Login

***joevenzon*** · 10-01-2011, 04:35 PM,

BiGBeN87 Wrote:
joevenzon Wrote:Let's keep data on sourceforge. DVCSs aren't that useful for binary files.

Do you have any data to back up this statement? I do not see how DVCS are conceptional less useful for binary files. To my knowledge SVN specifically does not handle binary files any better than Git does.

DVCSs allow multiple users to work on the same things independently of a central authority, which is the big advantage that puts the D in DVCS. However, binary files cannot be merged. That means more than one user can't be working on the same file at the same time, or their changes will conflict, and someone will need to redo their work.
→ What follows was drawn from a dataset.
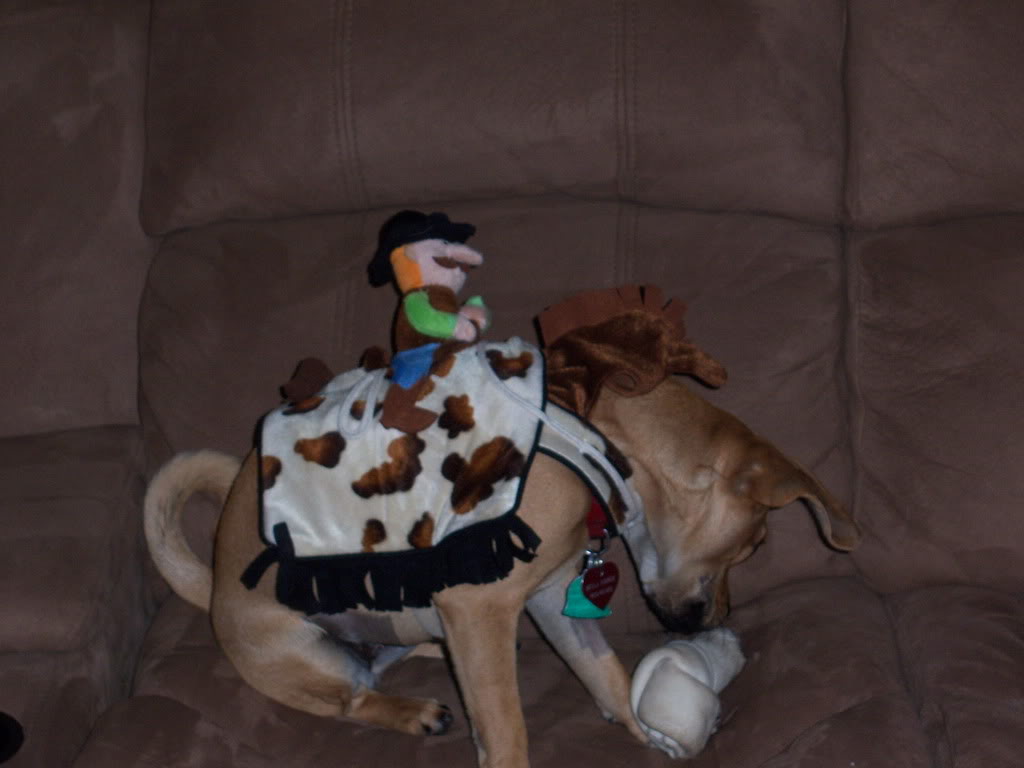 Name:  newcam3020.jpg
Views: 53
Size:  82.2 KB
With centralized version control you can lock files you are editing to prevent others from working on that file at the same time, with DVCS you cannot (to my knowledge).

Other stuff specific to git: I had heard that a git repository size grows much faster with binary file changes than an SVN repository. I had also heard that the way git works on a blob level (versioning the content of files, not the file itself) makes it really slow at scanning for updated files (since it needs to hash everything to determine if it changed) while subversion can cheat by looking at file properties. This info may be out of date. If you set up a test git data repo we can do some experiments.
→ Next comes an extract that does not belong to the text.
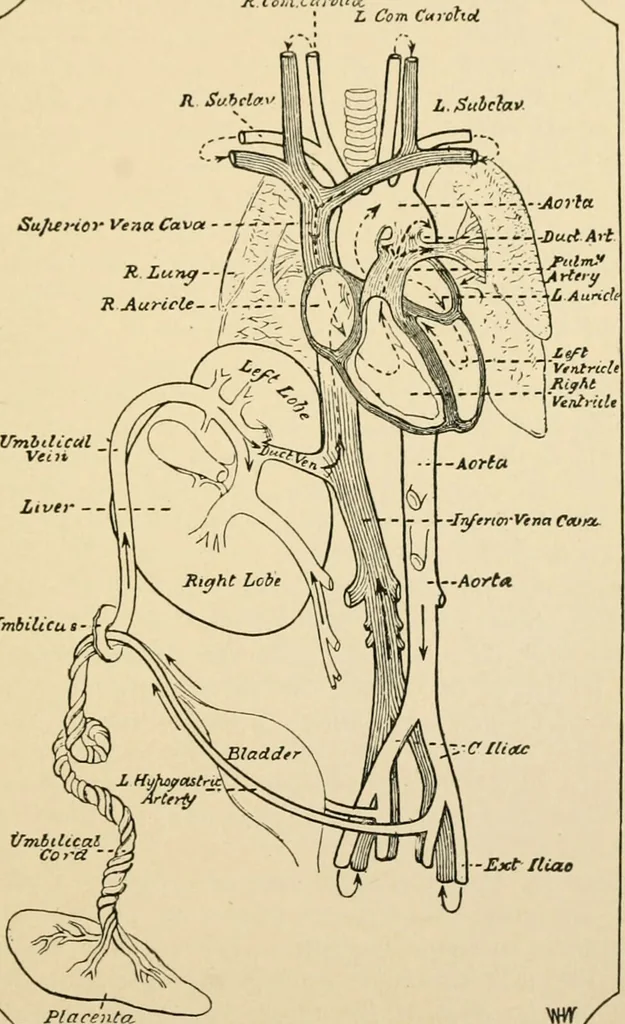 An illustration from Human physiology : prepared with special reference to students of medicine / by Joseph Howard Raymond., 1901, leaf 657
BiGBeN87 · 10-02-2011, 12:16 PM,

Hello joevenzon,

first of all thank you for your elaborate reply. In fact I haven't considered locking and in fact it seems that git does not have any equivalent mechanism:

http://stackoverflow.com/questions/11944...rol-system

I agree that the distributed nature of Git puts an stronger emphasis on this problem, because people might not get notice of a lock, when they work offline. GitHub also adds to this, because it encourages spontaneous contributions more than the svn on sourceforge.
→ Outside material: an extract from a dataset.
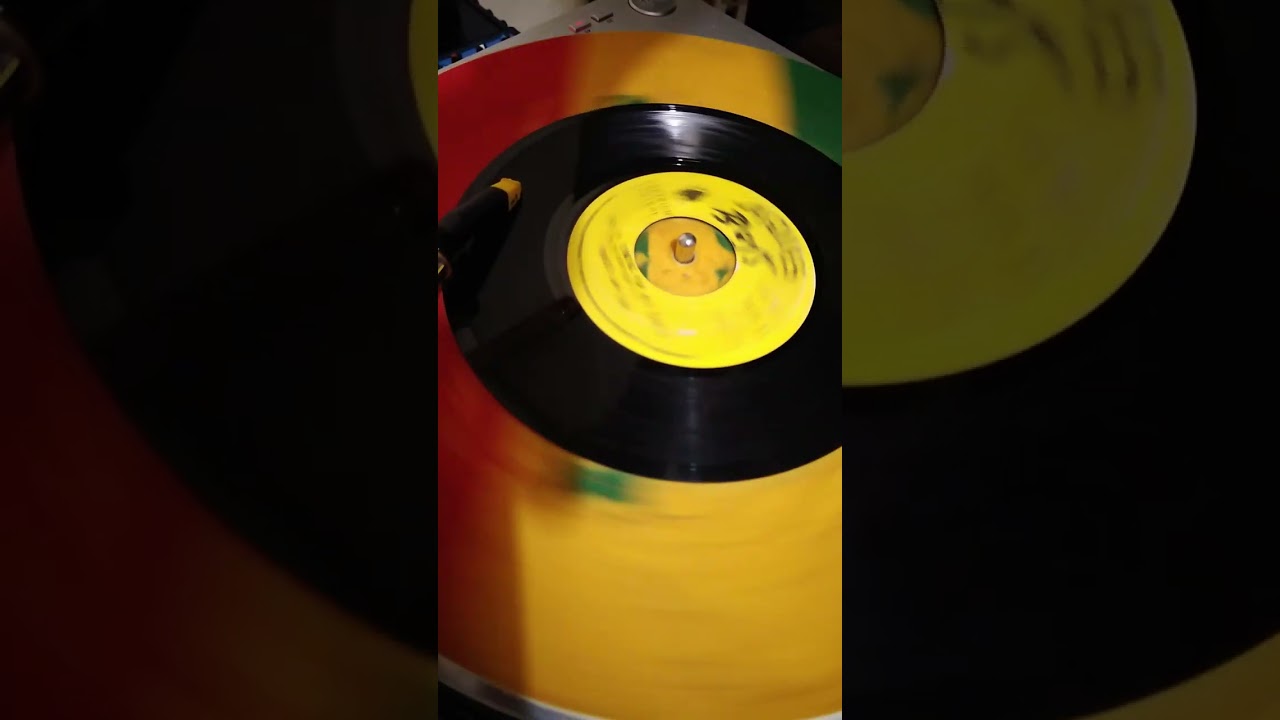 David Jah Son - Jah Is Coming For His Earth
I have never used locking in subversion, myself. The comments on StackOverflow suggest that even though SVN has locking, one can run into the same problems as without it. Was it usual for VDrift to use subversions locking in the past? Were your experiences positive?

I am working on a project (8 developers) that till recently used a mailing list for locking and releasing an unmergeable database dump. That worked pretty well, we only had one situation where two persons made changes concurrently and one had to redo them on the dump of the other.

We did move away from this method because we did not want the overhead of checking/writing emails anymore. Instead we now export our changes in code and automate the import/export of them via scripts. The binary files of VDrift however are not substitutable with more atomic files, as far as I understand.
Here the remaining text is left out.